Este proceso de constituirse en unidad por parte de un conjunto de espectadores es algo palpable en el vestíbulo de cualquier teatro, en las calles ante cualquier campo de fútbol, entre los asistentes a cualquier mitin político. La pregunta que, consciente o inconscientemente, se hacen todos los allí presentes es: ¿qué tengo en común con todos los demás? Y las respuestas, conscientes o inconscientes, pueden ser muchas y diversas, pero contienen siempre un cierto sentido de pertenencia a un grupo que, como mínimo, tiene en común aquella experiencia, aunque existe la certeza de que se comparten, sin la menor duda, otros de los motivos que los han inducido a todos a acudir al lugar. Hay, pues, una conciencia de común denominador que los unifica, aunque los espectadores no se hayan compactado todavía en un auditorio (una palabra que apenas deja ver la importancia de los sucesos interiores, la conmoción que tiene lugar durante el proceso de asistir a un acontecimiento cultural del tipo que sea).

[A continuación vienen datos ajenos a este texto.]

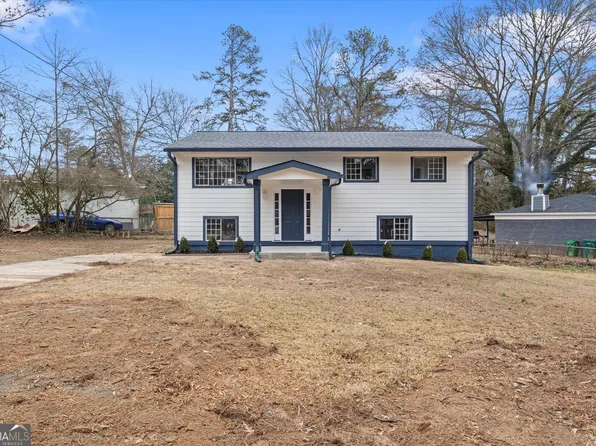 1276 Pineglen Dr, Riverdale, GA 30296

  • Os habéis sentido dispuestos a sentaros y dejaros ofrecer alguna cosa
De momento, existe sólo una predisposición a la unidad. Es la aceptación de unas normas concretas según las cuales el espectador deberá comportarse como tal. Él se sentará pasivo entre otros espectadores y se limitará a recibir, sin posibilidad de responder más que por medio de una respuesta colectiva (por ejemplo, el aplauso, la risa), una determinada clase de estímulos que habrán de afectarlo durante un cierto tiempo. Està dispuesto a dejarse reducir, pues, a un receptor colectivo (o, dicho en la jerga que utilzaré más adelante, un receptor social, netamente diferenciado por su actitud y objetivos de un receptor individual). Pero en el vestíbulo esta conversión todavía no ha tenido lugar, todavía está en proceso. Y el proceso, como vemos, ha comenzado mucho antes.

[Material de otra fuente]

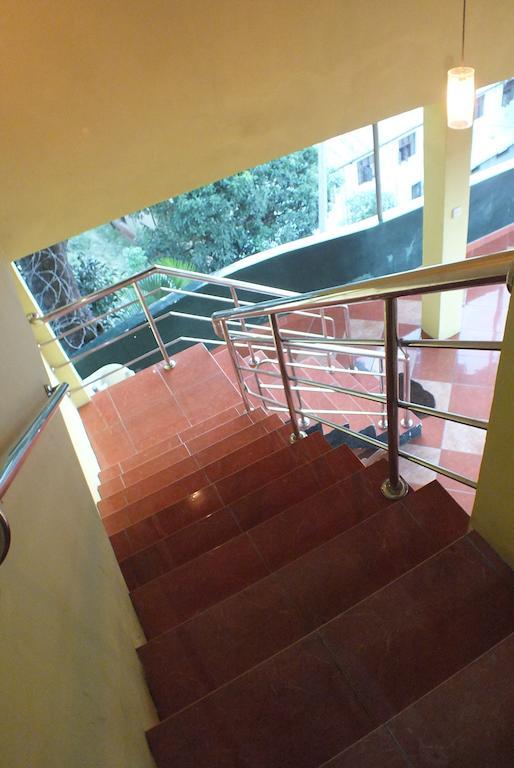 Oyo 442 Kanda Uda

  • Estáis sentados en un cierto orden

La conversión de los espectadores en auditorio empieza a producirse, en realidad, en el momento en que se encuentran ya reunidos en el recinto donde tendrá lugar el acontecimiento cultural. El término alemán para representación, Vorstellung, es, en el sentido que podríamos utilizarlo aquí, más adecuado porque, traducido, indica escuetamente lo que se pone delante, e implica, por lo tanto, la presencialidad de los espectadores, en alemán Zuschauer, los que miran hacia. En realidad, lo que importa es aquello que se pone ante los ojos. Éste es, en definitiva, el sentido último del espectador, que ha venido con el objetivo de vivir una experiencia perceptiva (por lo general, visual o auditiva cuando hablamos en un plano social) y se dispone a ello. El hecho de sentarse en un cierto orden implica no sólo una predisposición, sino una actitud óptima para la recepción. El espectador intenta canalizar toda su atención hacia aquello que tiene delante, la representación, la Vorstellung. Éste es un hecho extremadamente relevante por cuanto que muestra que el espectador se prepara para extraer la máxima significación posible del lugar de la representación que, en términos semióticos, deberíamos llamar "espacio de significación", porque todo lo que sucede allí tiene única y exclusivamente un valor de signo.

  • Formáis una unidad

Ante el espacio de significación, la unidad que conforman los espectadores es distinta a la de esa vaga unidad de ideas que los ha impulsado a ir hacia cierto lugar con un objetivo común. Ahora, sentados en la sala, la unidad tiene casi el mismo sentido que podríamos aplicar en el caso de los remeros de una nave. Es una unidad funcional, necesaria, sin la cual el proceso social de emisión-recepción no podría tener lugar. Existe un momento en toda representación en la que se reclama a los espectadores que presten unanimemente atención. Shakespeare lo conseguía a menudo irrumpiendo en el espacio con una secuencia ruidosa y animada y haciendo percibir al público, que pululaba desatento por la sala, la sensación de que, en el caso de no prestar inmediatamente atención, acabarían perdiéndose algo importante que les impediría seguir el desarrollo de la narración. En teatro, lo que suele seguir a ese toque de atención es, casi siempre, la exposición, más o menos detallada, de la situación sobre la que se abatirá el conflicto desencandenante que hará que los personajes se enfrenten a una situación imprevista. Antes de sumergirse en la nueva realidad, antes de que la acumulación de nueva información los unifique aún más, el público se guía todavía con criterios propios.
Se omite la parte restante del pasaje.